Peggy Whitson returned to Earth on Saturday with an out-of-this-world record under her belt. After spending 288 days at the International Space Station on her latest mission, the NASA astronaut and biochemist has clocked more cumulative hours in space than any other American in history and any other woman on Earth.
Whitson has now spent a total of 665 days in space, including two previous ISS missions in 2002 and 2007-2008. Her space endurance record far surpasses the previous NASA record of 534 days, which was set by astronaut Jeff Williams last year.
Globally, she’s now ranked eighth for the most amount of time spent in space. Russia’s Fyodor Yurchikhin, a cosmonaut who returned from the ISS with Whitson on Saturday, is in the seventh spot with 673 days in space. The top place belongs to another Russian, Gennady Padalka, who has spent 879 days off of Earth.
Whitson, 57, is no stranger to smashing records. As the Associated Press notes, she’s now the world’s oldest spacewoman and the most experienced female spacewalker.
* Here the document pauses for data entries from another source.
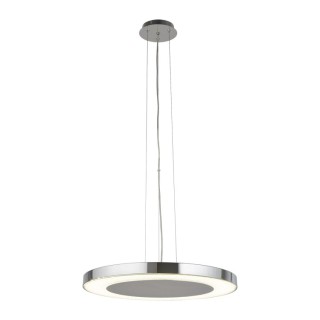 Suspension LED Disque plat Diam 50cm metal chrome, diffuseur verre effet glace givre Led 34w 1600 lumens 4000k dimmable LEXI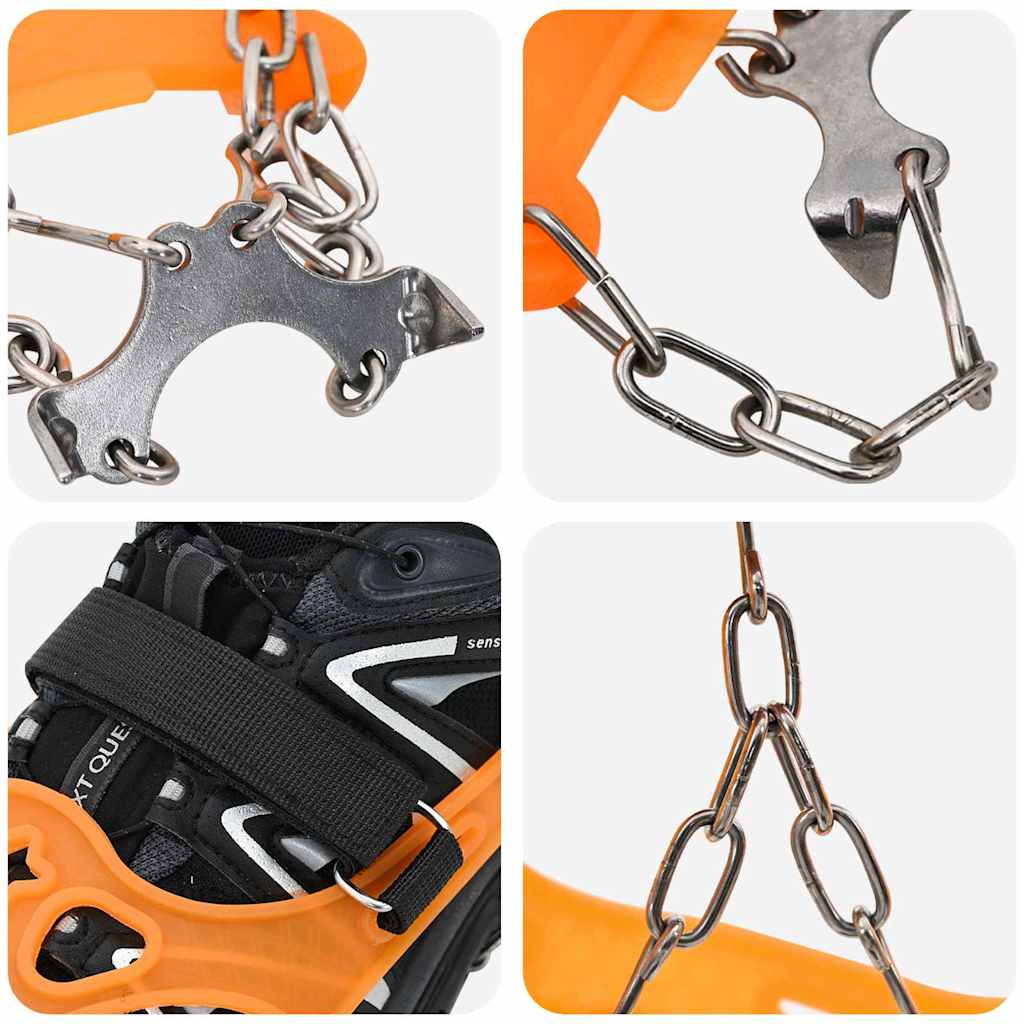 Ice Cleats for Shoes Orange L Stainless Steel
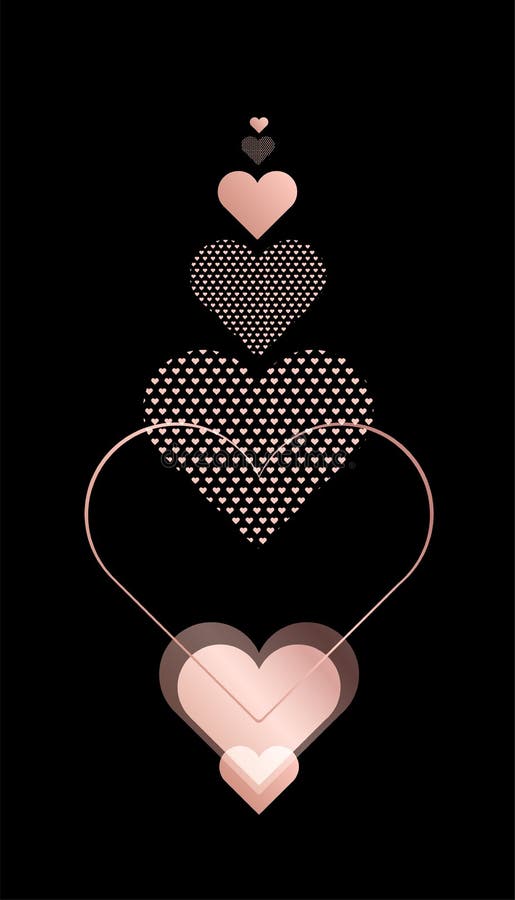 Patrón De Corazones Para Día De San Valentín Rosa Corazones Pétalos Rosa Corazón  Fondo De Pantalla Diseño En Negro. Ilustración del Vector - Ilustración de  aislado, febrero: 207891637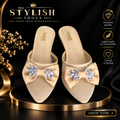 Classy Elegance Heels – Beige Crystal Bow
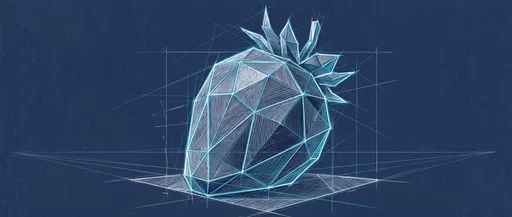 Geometric Wireframe Strawberry Blueprint Sketch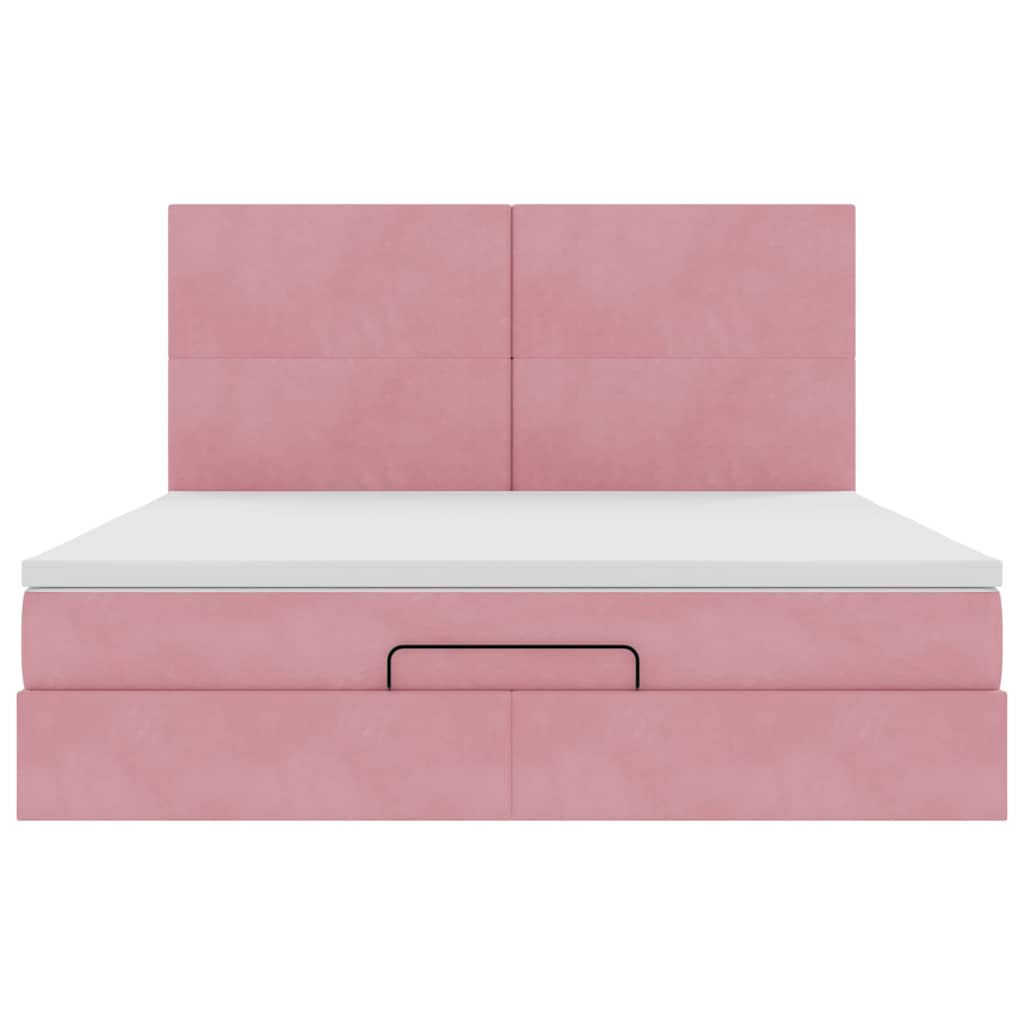 vidaXL Estructura de cama otomana colchones terciopelo rosa 180x200cm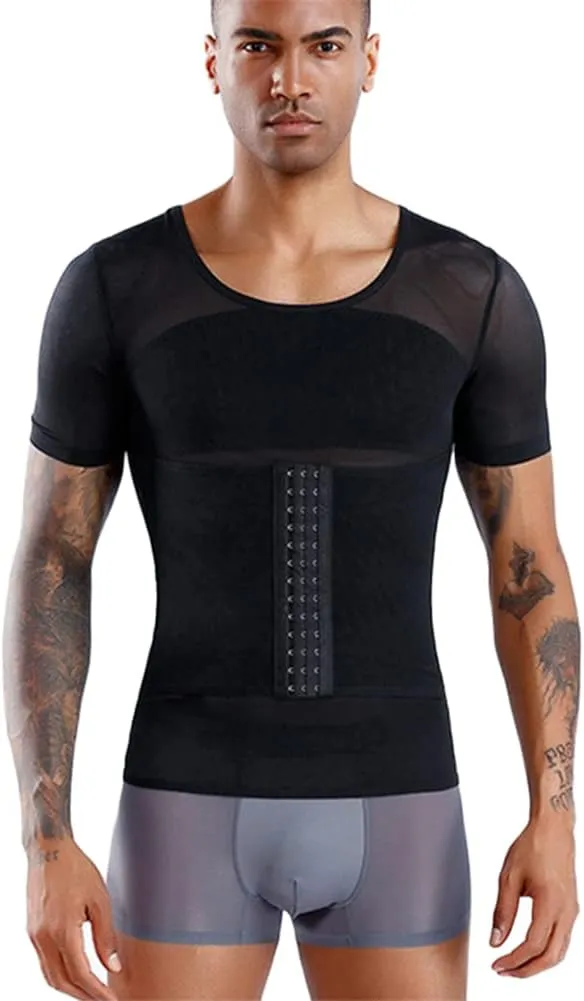 Mens Gynecomastia Shirts Slimming Body Shaper Compression Shirt for Vest Athletic Undershirt M-3XL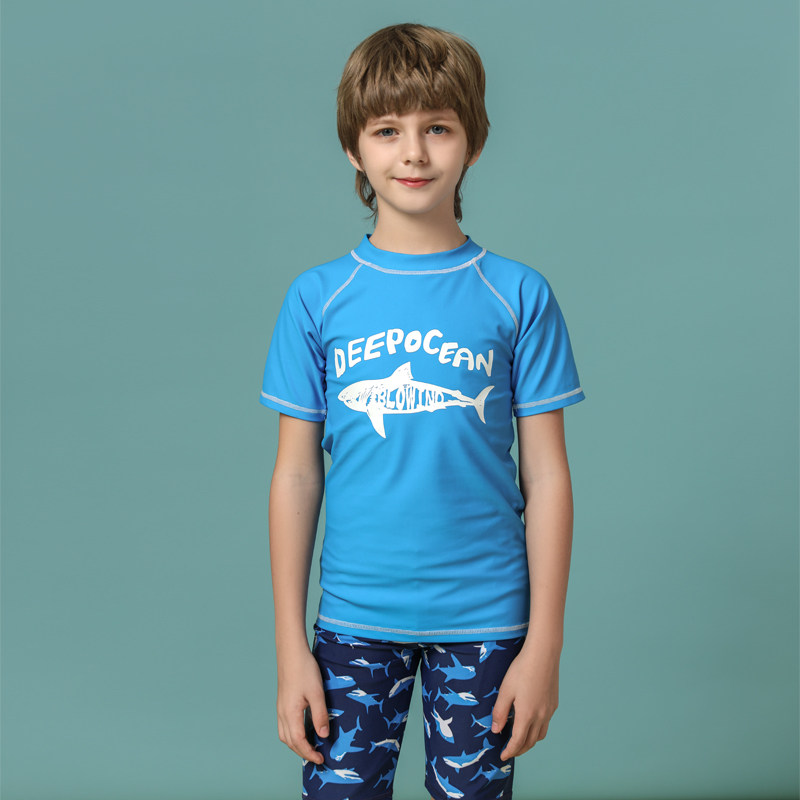 Blowind Children Swimsuit Boy Sun Protection Against UV Short Sleeve 2020 Shark Two Style Quick Dry Beach Swimsuit Holiday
Back in 2008, during her second ISS mission, Whitson became the first woman to command the space station. She was named commander again on her latest mission to the ISS.
Speaking from orbit in April, Whitson said she hopes to continue her trailblazing ways.
“I would definitely like to go to the moon or Mars or some other destination,” Whitson said. “Space Station has been phenomenal but I would like to take some of the next steps. I’m not sure if I will last that long, but I’ll give it my best.”
We’d sure place our bets on you, Peggy.